É uma boa história, concordo, mas não sei se é verdadeira. O francês tinha um certo ar lunático, mas todos aqui o tem, vi várias pessoas parando repentinamente nas calçadas e nas ruas para olhar para cima. Parecem querer validar que o céu ainda continua sobre suas cabeças.

Bom, depois de Paris marchamos por longos descampados quase doze horas por dia. Parávamos pouco e apenas para descansar. Estamos indo para a guerra, mas a comida já parece estar sendo racionada.

Estávamos no norte da França, segundo os homens dizem e agora passamos pela Bélgica. Querida, o local está devastado. É inacreditavelmente triste andar por aqui. Eu ainda lembro dos jornais há dois anos, dizendo que a Bélgica foi o primeiro país invadido pelos alemães na sua ânsia pela França, mas nem por um segundo eu pude imaginar o estrago que eles fizeram aqui. Todos os prédios parecem ter alguma marca. Alguns são apenas pilhas de pedras. Outros estão negros com a fuligem dos incêndios.
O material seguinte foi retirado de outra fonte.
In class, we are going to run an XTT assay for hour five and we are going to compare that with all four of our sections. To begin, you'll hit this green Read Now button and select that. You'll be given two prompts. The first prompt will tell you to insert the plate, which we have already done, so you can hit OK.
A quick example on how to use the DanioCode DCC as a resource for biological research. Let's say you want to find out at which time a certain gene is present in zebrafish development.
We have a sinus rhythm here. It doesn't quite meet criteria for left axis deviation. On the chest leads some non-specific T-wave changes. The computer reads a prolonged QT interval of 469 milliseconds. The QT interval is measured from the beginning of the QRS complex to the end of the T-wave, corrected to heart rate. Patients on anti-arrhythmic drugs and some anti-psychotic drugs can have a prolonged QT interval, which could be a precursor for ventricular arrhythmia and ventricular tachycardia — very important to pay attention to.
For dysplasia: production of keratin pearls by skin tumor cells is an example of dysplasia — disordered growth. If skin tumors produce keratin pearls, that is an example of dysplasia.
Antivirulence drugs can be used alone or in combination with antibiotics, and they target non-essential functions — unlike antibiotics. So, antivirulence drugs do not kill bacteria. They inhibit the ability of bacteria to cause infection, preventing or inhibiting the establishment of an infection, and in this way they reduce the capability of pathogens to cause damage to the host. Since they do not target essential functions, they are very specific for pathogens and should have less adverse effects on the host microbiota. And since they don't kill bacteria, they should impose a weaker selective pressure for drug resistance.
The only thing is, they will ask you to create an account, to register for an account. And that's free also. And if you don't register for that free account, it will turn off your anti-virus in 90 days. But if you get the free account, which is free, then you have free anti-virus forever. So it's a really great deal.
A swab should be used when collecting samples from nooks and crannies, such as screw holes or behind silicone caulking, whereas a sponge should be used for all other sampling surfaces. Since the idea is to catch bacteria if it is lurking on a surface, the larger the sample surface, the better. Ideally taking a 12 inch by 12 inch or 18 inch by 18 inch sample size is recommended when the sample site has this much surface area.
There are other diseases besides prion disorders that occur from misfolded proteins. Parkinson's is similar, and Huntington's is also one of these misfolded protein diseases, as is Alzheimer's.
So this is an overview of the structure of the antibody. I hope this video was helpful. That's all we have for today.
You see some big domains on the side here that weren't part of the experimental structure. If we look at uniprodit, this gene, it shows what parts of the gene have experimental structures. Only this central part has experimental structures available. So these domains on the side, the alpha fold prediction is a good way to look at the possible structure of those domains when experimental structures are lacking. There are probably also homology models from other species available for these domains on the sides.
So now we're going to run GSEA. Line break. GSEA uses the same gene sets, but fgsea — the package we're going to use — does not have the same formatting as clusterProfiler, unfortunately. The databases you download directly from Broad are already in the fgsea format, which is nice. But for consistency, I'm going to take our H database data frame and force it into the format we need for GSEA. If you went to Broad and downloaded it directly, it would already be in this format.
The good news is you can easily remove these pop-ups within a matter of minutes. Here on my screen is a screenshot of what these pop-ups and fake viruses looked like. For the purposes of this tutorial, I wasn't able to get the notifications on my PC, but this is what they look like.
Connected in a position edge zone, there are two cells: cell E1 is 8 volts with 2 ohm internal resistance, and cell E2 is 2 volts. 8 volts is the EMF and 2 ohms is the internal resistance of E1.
Como podem existir pessoas tão impiedosas? Os locais que moram aqui depois de tudo isso pelos quais passamos não são mais do que miseráveis. As roupas de todos estão sujas, assim como suas peles. Nas suas expressões, há uma marca perpétua de dor e medo. Estão todos traumatizados. Tenho certeza que viram coisas que nenhuma pessoa deveria ver. Os homens são maltrapilhos, as crianças esquálidas e as mulheres estáticas. As pessoas parecem estar eternamente catatônicas. Vi gente fitando o nada e conversando sozinhos... Todos que vivem aqui sofreram muito.